Pyrénéen d’origine modeste, il fut un jeune militant politique dès les temps du Front populaire et il exerça après-guerre des responsabilités fédérales au sein du PCF, dans son département natal, les Basses-Pyrénées devenues depuis Pyrénées-Atlantiques. Fonctionnaire brillant des contributions indirectes, il devint permanent du mouvement syndical en 1958. Il y occupa très vite d’importantes responsabilités, dans son syndicat d’origine, puis à la tête de l’Union générale des fédérations de fonctionnaires (UGFF) entre 1970 et 1978.
Ce travailleur acharné s’affirma ainsi comme un spécialiste reconnu de la fonction publique, bataillant pied à pied pour les revendications de ses collègues et multipliant les études, militantes et érudites. Après quelques années de retour dans son corps d’origine, il accepta en juin 1981 de prendre la direction du cabinet d’Anicet Le Pors, devenu ministre délégué chargé de la fonction publique et des réformes administratives dans le second gouvernement Mauroy. Avec Guy Braibant, il fut ainsi un artisan majeur du grand statut général des fonctionnaires de l’État et des collectivités territoriales, toujours en vigueur aujourd’hui. Plusieurs ouvrages remarqués jalonneront ces efforts d’une vie, notamment l’ouvrage collectif sur l’Histoire de la fonction publique en France, paru en 1993, où il proposa une dense synthèse sur la Troisième République.
Membre du Conseil d’État de 1983 à 1987, ce spécialiste de l’administration et du droit fut aussi un grand ami de la Commune. Il se passionna très tôt pour Lissagaray, d’origine basque lui aussi, et s’en fit le biographe en 1991, avant d’élargir ses recherches et ses réflexions. Vice-président de notre association, il coordonna ainsi pour elle l’imposant Guide des sources de la Commune de Paris et du mouvement communaliste (1864-1880), publié par la Documentation française en 2007, en collaboration avec la direction des Archives de France et le soutien de la Ville de Paris.

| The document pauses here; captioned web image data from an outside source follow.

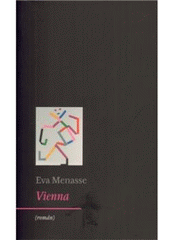 kniha Vienna (román), Archa 2010
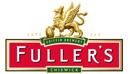 Fuller's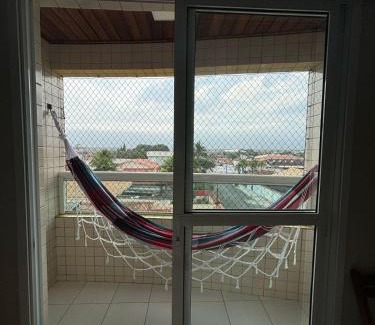 Jardim Real Appartement | Apto dos Cardeais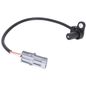 walker-sensor-de-posicion-del-arbol-de-levas-cmp-renault-megane-2001-2010-megane-l4-2-0l-0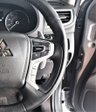 USED 2020 20 MITSUBISHI SHOGUN SPORT 2.4 DI-D COMMERCIAL 178 BHP REMAINDER OF MITSUBISHI 5 YEAR MANUFACTURER WARRANTY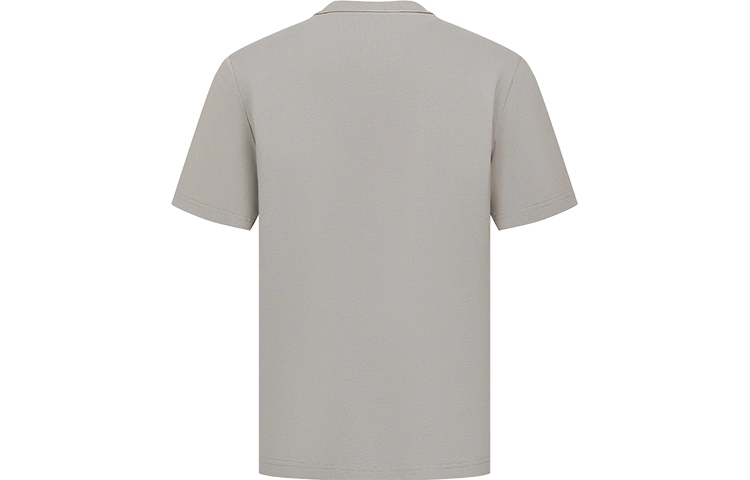 URBAN REVIVO UR T T_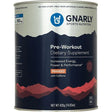 Gnarly Nutrition Pre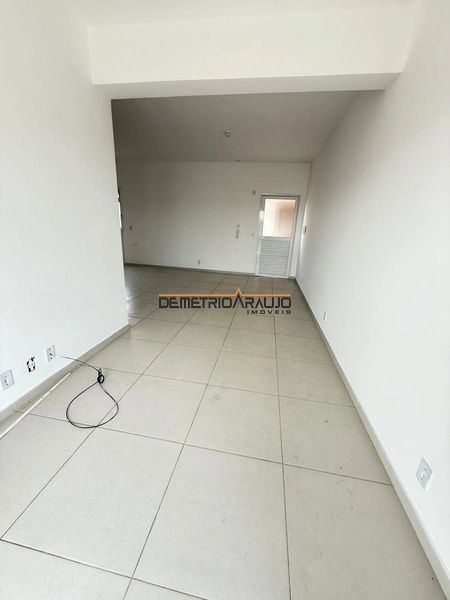 Apartamento Avenida Zero Hora, 2 dormitórios: 6ª foto da galeria de imagens do imóvel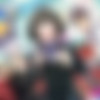 NemuNemu —   [2010-2018] [cen] [Yaoi, Trap, Anal sex, Oral sex, Handjob, Crossdressing, School Uniform] [jap, eng] thumbnail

Sa dernière publication personnelle d’envergure a été l’ouvrage publié en 2004 au Temps des Cerises, sous le titre La Commune telle qu’en elle-même. René Bidouze nous y laisse une réflexion engagée sur l’événement communard et y ajoute un magnifique tableau exhaustif des 54 décrets et des 207 arrêtés adoptés par les institutions communales.
L’association des Amies et amis de la Commune de Paris 1871 s’honore d’avoir eu une telle personnalité en son sein. Quant aux signataires de cet article, ils ont eu la chance insigne de le rencontrer, quelques semaines à peine avant sa disparition. Ils garderont le souvenir ému d’un homme debout, chaleureux et combatif jusqu’à son dernier souffle. C’est un bonheur d’avoir pu cheminer avec lui.

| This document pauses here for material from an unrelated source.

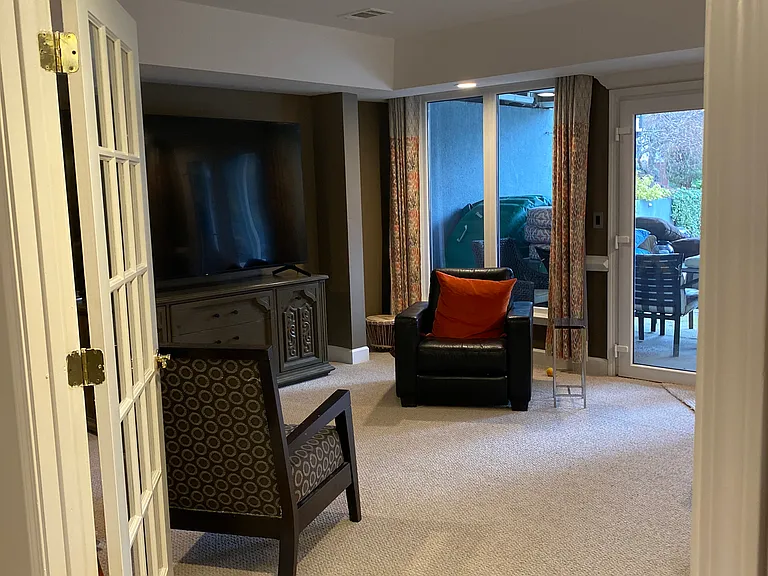 3820 Hedgecliff Ct — Photo 44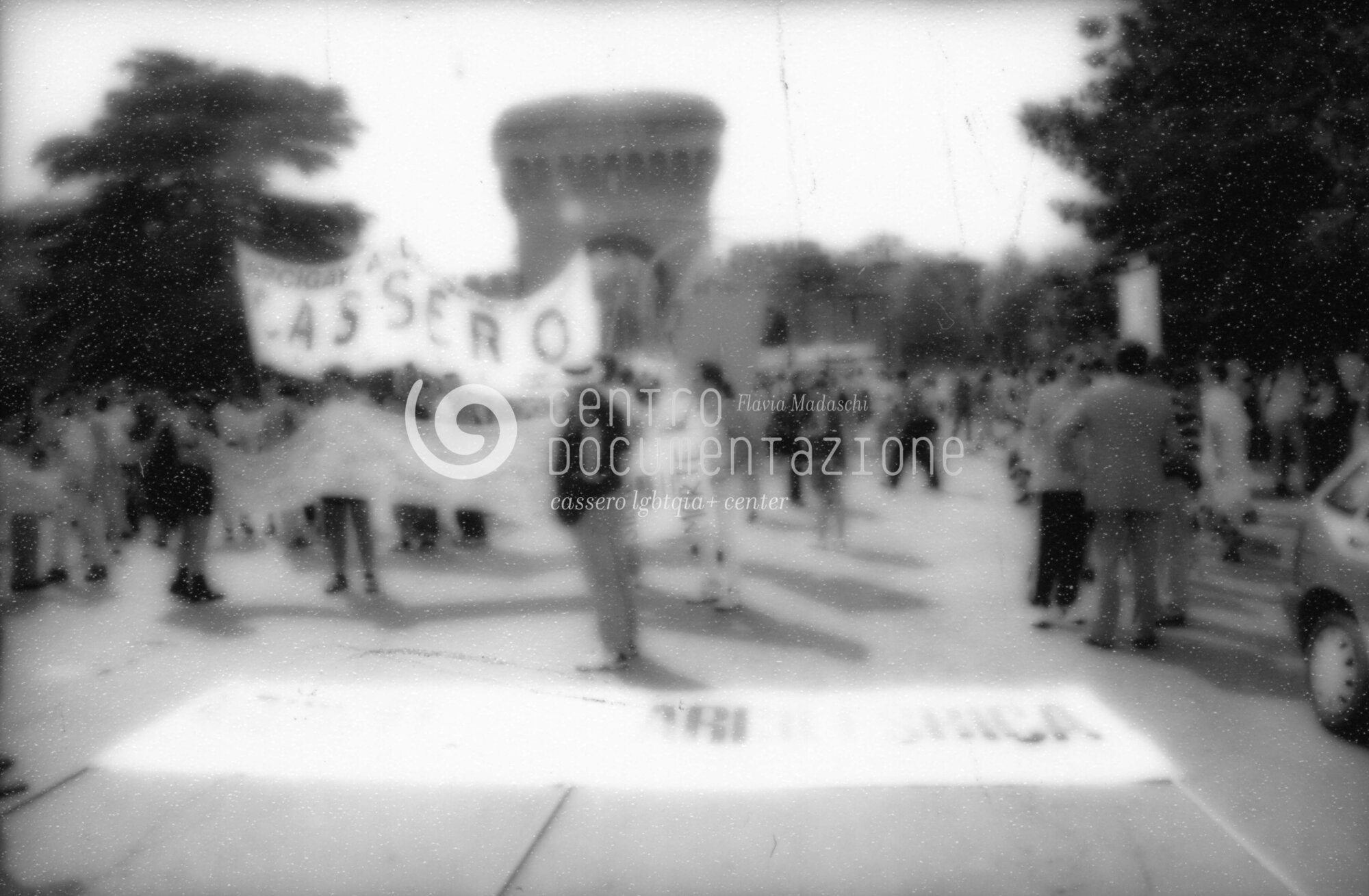 F2_2_3_114_23_watermarked.jpg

René aura bénéficié jusqu’au bout de l’attention aimante de sa fille Marianne et de tous les siens. À toutes et tous, nous adressons nos plus affectueuses pensées.
Claudine Rey et Roger Martelli
Bibliographie sommaire :
1. Sur le syndicalisme des fonctionnaires, la fonction publique, l’administration
Les fonctionnaires, sujets ou citoyens ? 2 tomes, Éditions sociales, 1979 et 1981.

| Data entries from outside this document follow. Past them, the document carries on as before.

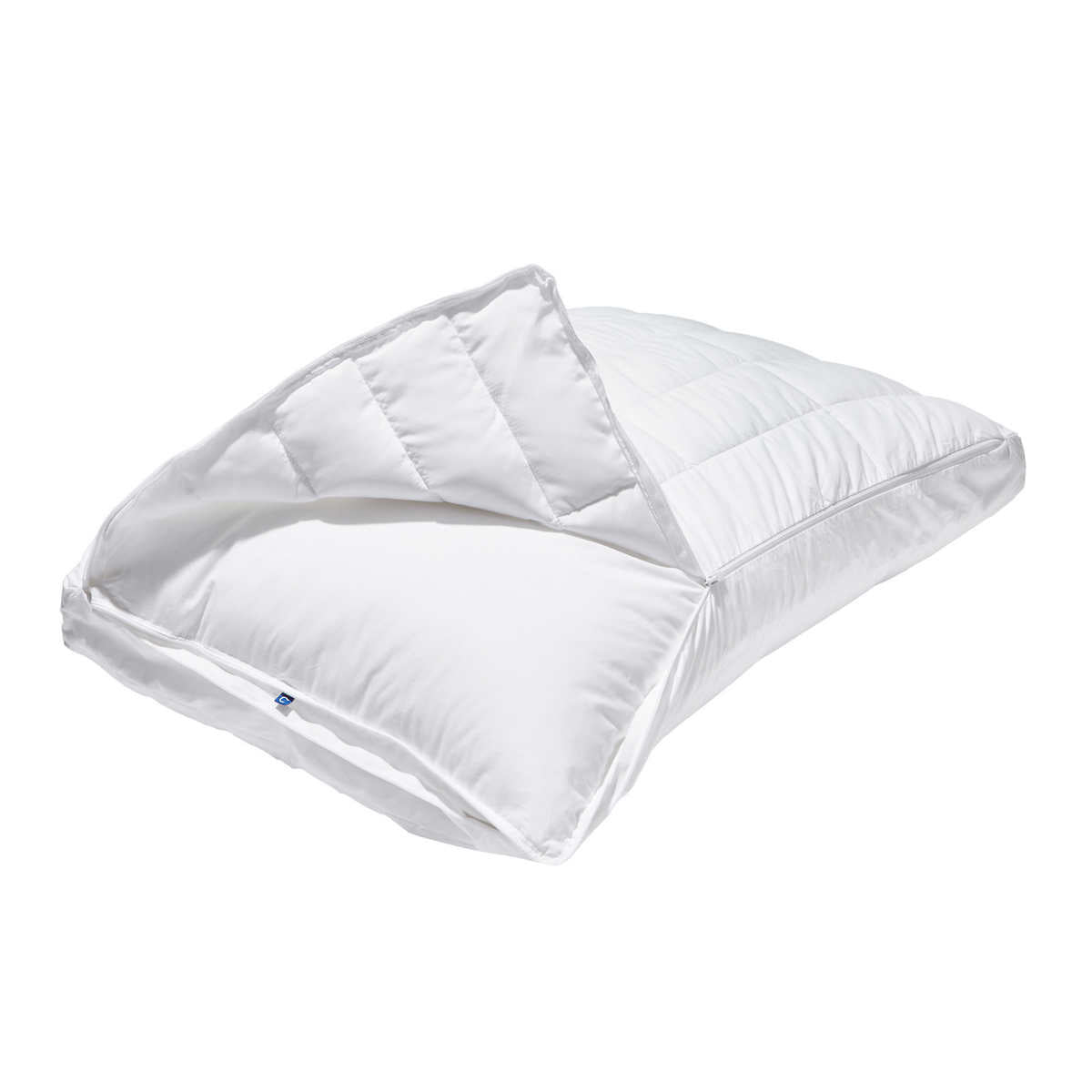 Casper King Pillow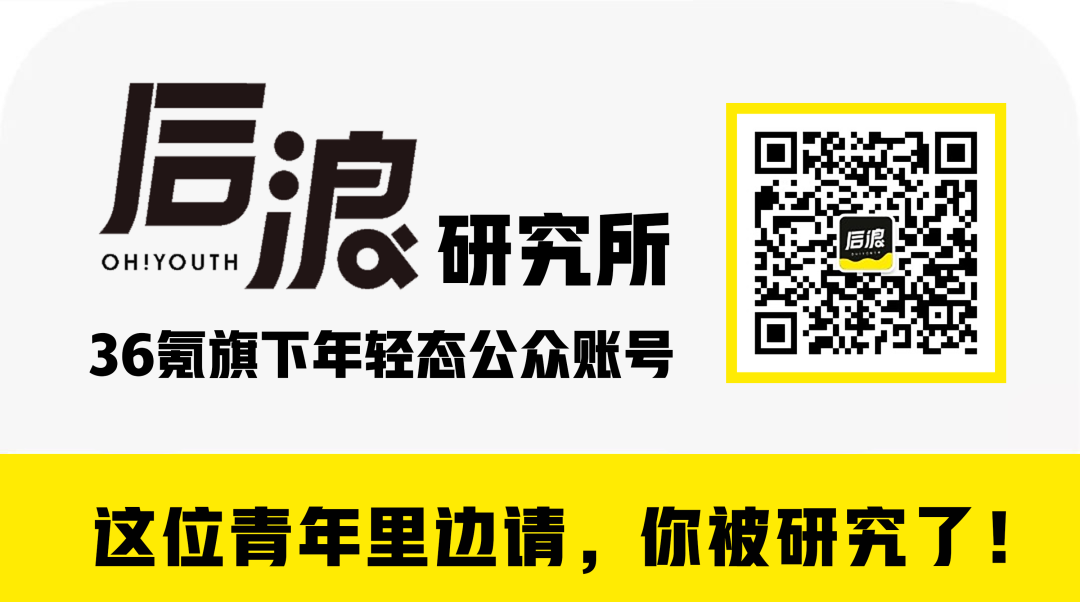 比特币亏完本金还会负债吗_股票型基金会把本金亏完吗_股票本金亏完会负债吗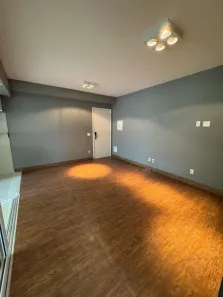Apartamento com 2 Quartos para alugar, 68m² no Vila Gertrudes, São Paulo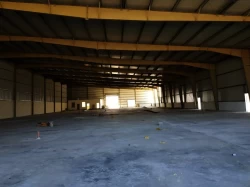 Warehouses For Rent in Sitra  »  Central Governorate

Histoire de la fonction publique en France, Nouvelle Librairie de France, 1993, tome III.
« Où va la fonction publique française ? », Revue administrative, n° 287, octobre 1995, PUF, p. 501-505.
2. Sur la Commune de Paris
Lissagaray, la plume et l’épée, Éditions ouvrières, collection « La part des hommes », 1991.
72 jours qui changèrent la cité. La Commune de Paris dans l’histoire des services publics, Le Temps des cerises, 2001.
La Commune de Paris telle qu’en elle-même. Une révolution sociale aux avant-postes de la République, Le Temps des cerises, 2004, réédition 2009.
Guide des sources d’archives de la Commune de Paris et du mouvement communaliste (1864-1880), Sous la direction de René Bidouze. (Amis de la Commune de Paris, Direction des Archives de France, Ville de Paris). Préface de Bertrand Delanoë, Documentation française, août 2007.